= WHAT YOU SHOULD DO =
Write out the data again exactly, skipping every picture.
ENTRIES SUPPLIED START
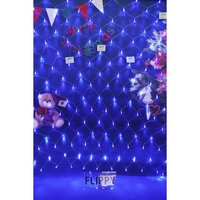 Sectiune Instalatie de Craciun Vafy, Tip Plasa, 120 LED-uri, 1.5 x 1.5 m, 8 jocuri de lumini, Interconectabila, Fir transparent, Albastru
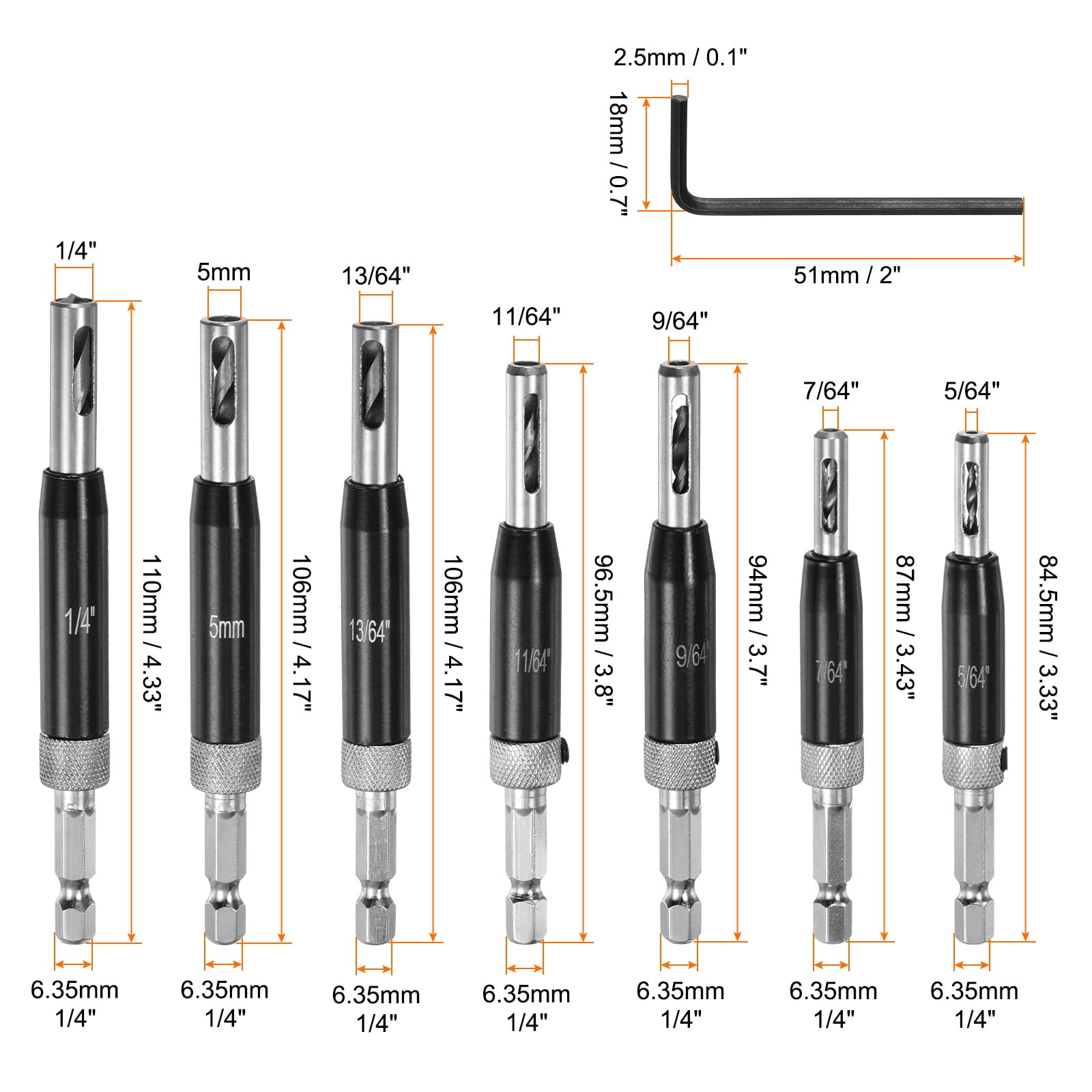 Uxcell 7pack Self Centering Drill Bit Set 5/64-1/4" 5mm, 1/4" Hex Shank Drilling Bits for Wood Working,Hinge , Black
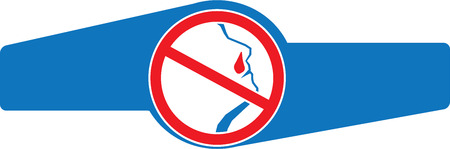 Red stop sign with Man with Bleeding Nose. illustrationのイラスト素材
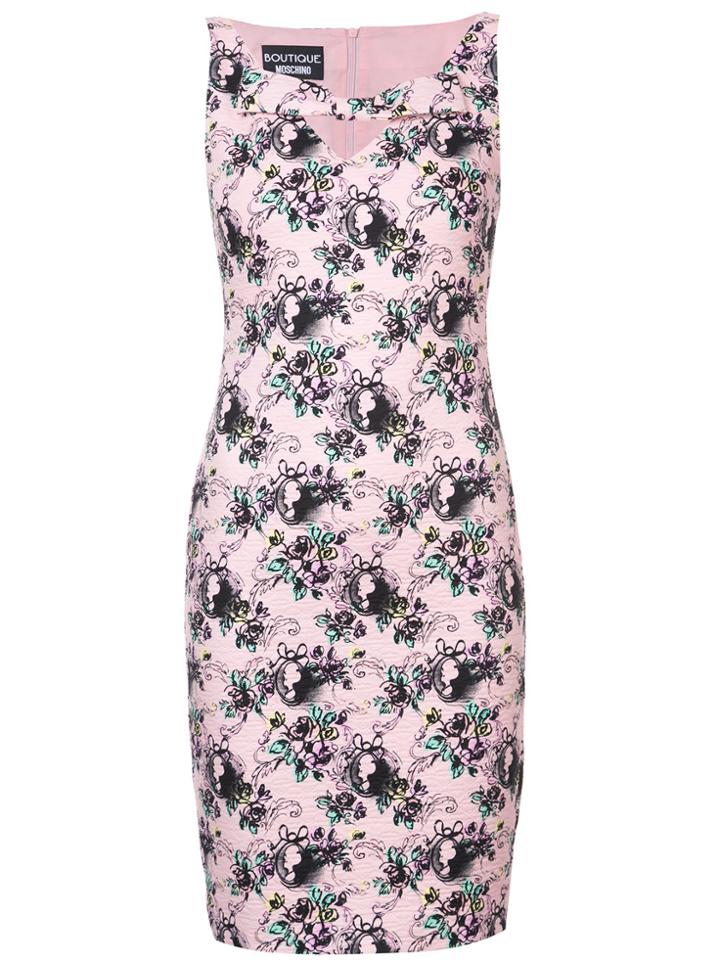 Boutique Moschino Floral Print Fitted Dress - Pink & Purple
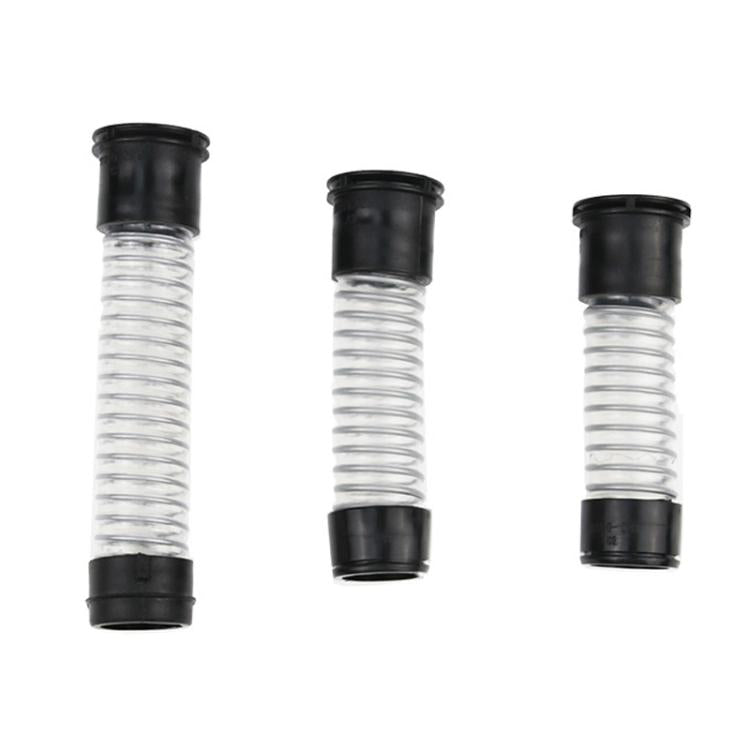 Corrugated clear hose repair piece with black end caps, shown in multiple views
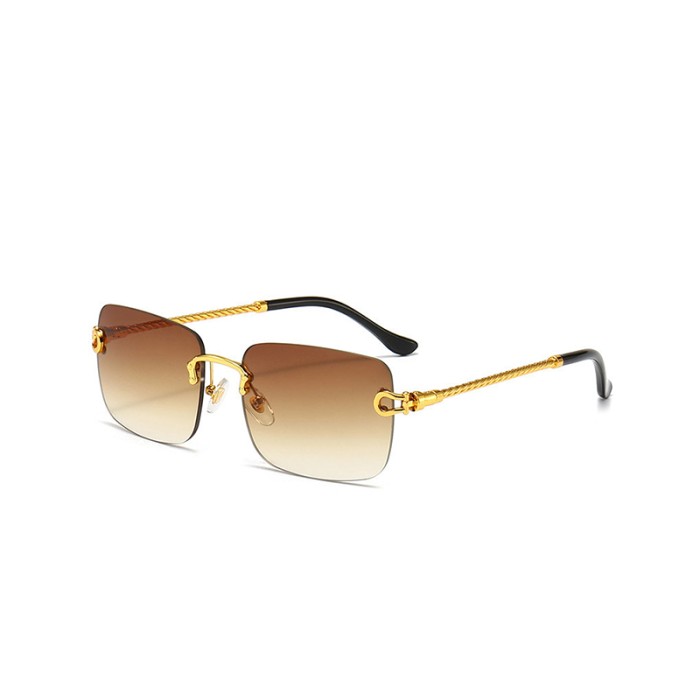 Square Cut-Edge Metal Twisted Leg Sunglasses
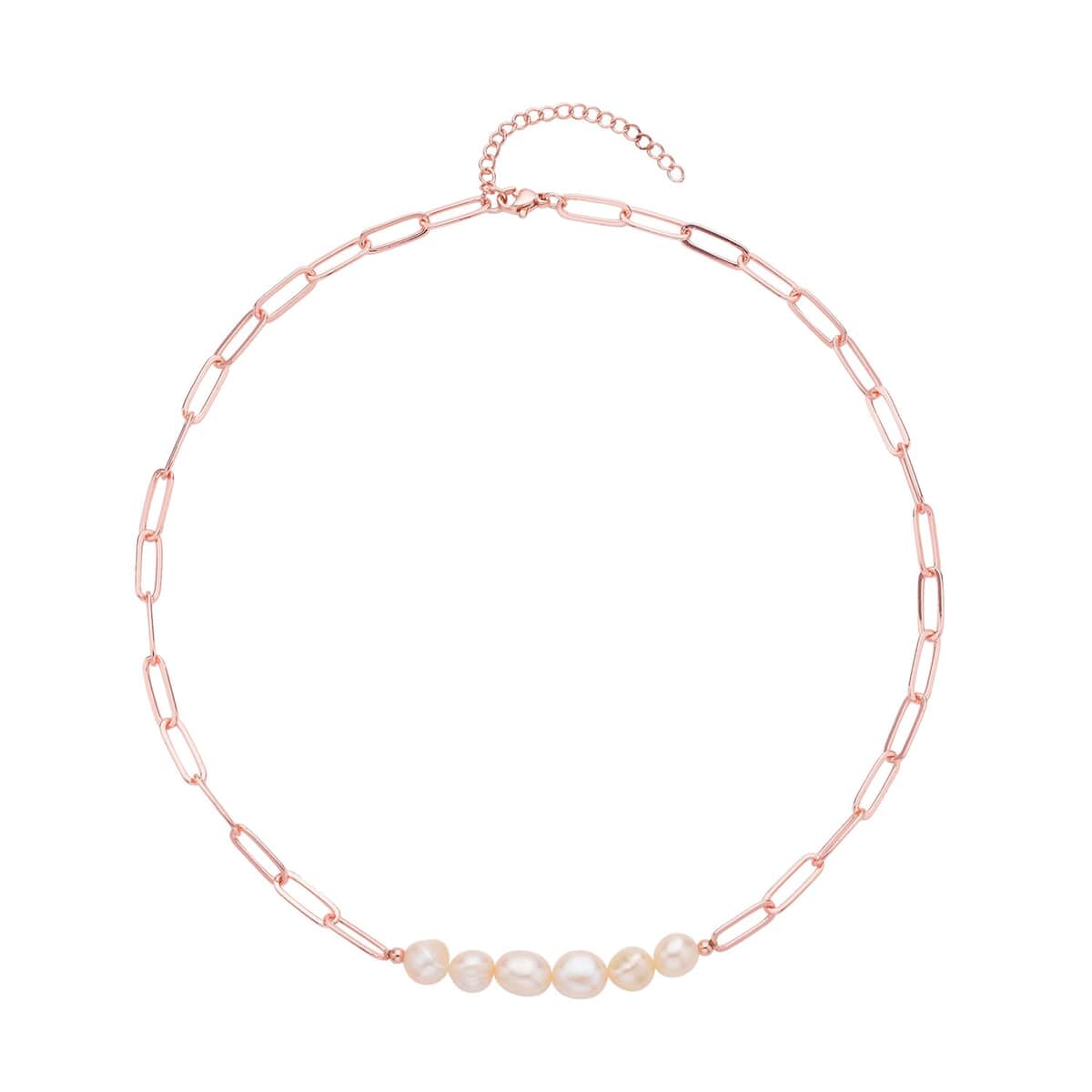 Peach Freshwater Pearl 7-9mm Paper Clip Chain Necklace in Rosetone 18-20Inches image number 0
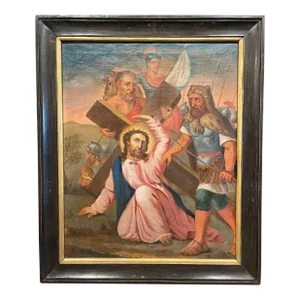 18th Century French Oil on Canvas Painting "Seventh Station of the Cross"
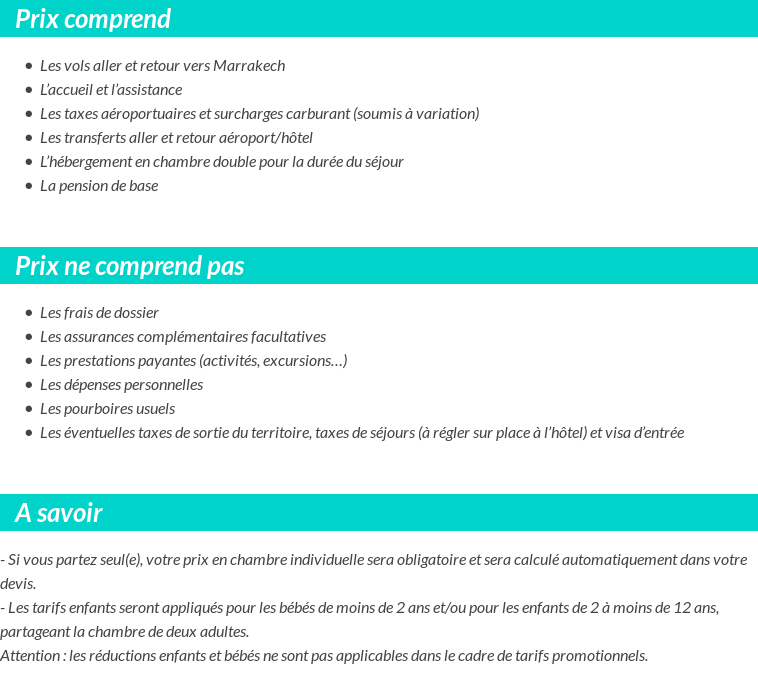 Conditions tarifaires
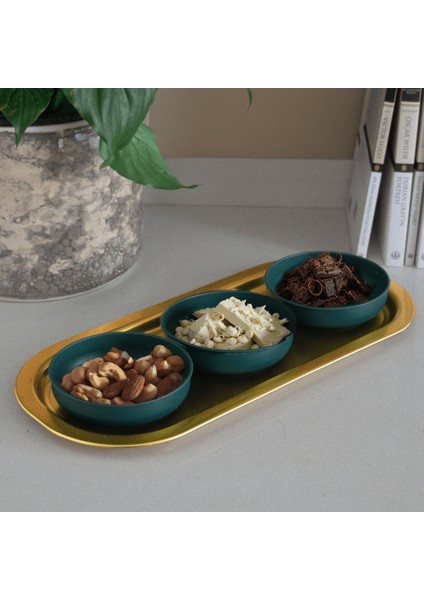 Home 3'lü Çerezlik ve Sunumluk Tepsi Seti - Yeşil & Gold fiyatları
ENTRIES SUPPLIED END
= RESULT OF THE TASK =
 Sectiune Instalatie de Craciun Vafy, Tip Plasa, 120 LED-uri, 1.5 x 1.5 m, 8 jocuri de lumini, Interconectabila, Fir transparent, Albastru
 Uxcell 7pack Self Centering Drill Bit Set 5/64-1/4" 5mm, 1/4" Hex Shank Drilling Bits for Wood Working,Hinge , Black
 Red stop sign with Man with Bleeding Nose. illustrationのイラスト素材
 Boutique Moschino Floral Print Fitted Dress - Pink & Purple
 Corrugated clear hose repair piece with black end caps, shown in multiple views
 Square Cut-Edge Metal Twisted Leg Sunglasses
 Peach Freshwater Pearl 7-9mm Paper Clip Chain Necklace in Rosetone 18-20Inches image number 0
 18th Century French Oil on Canvas Painting "Seventh Station of the Cross"
 Conditions tarifaires
 Home 3'lü Çerezlik ve Sunumluk Tepsi Seti - Yeşil & Gold fiyatları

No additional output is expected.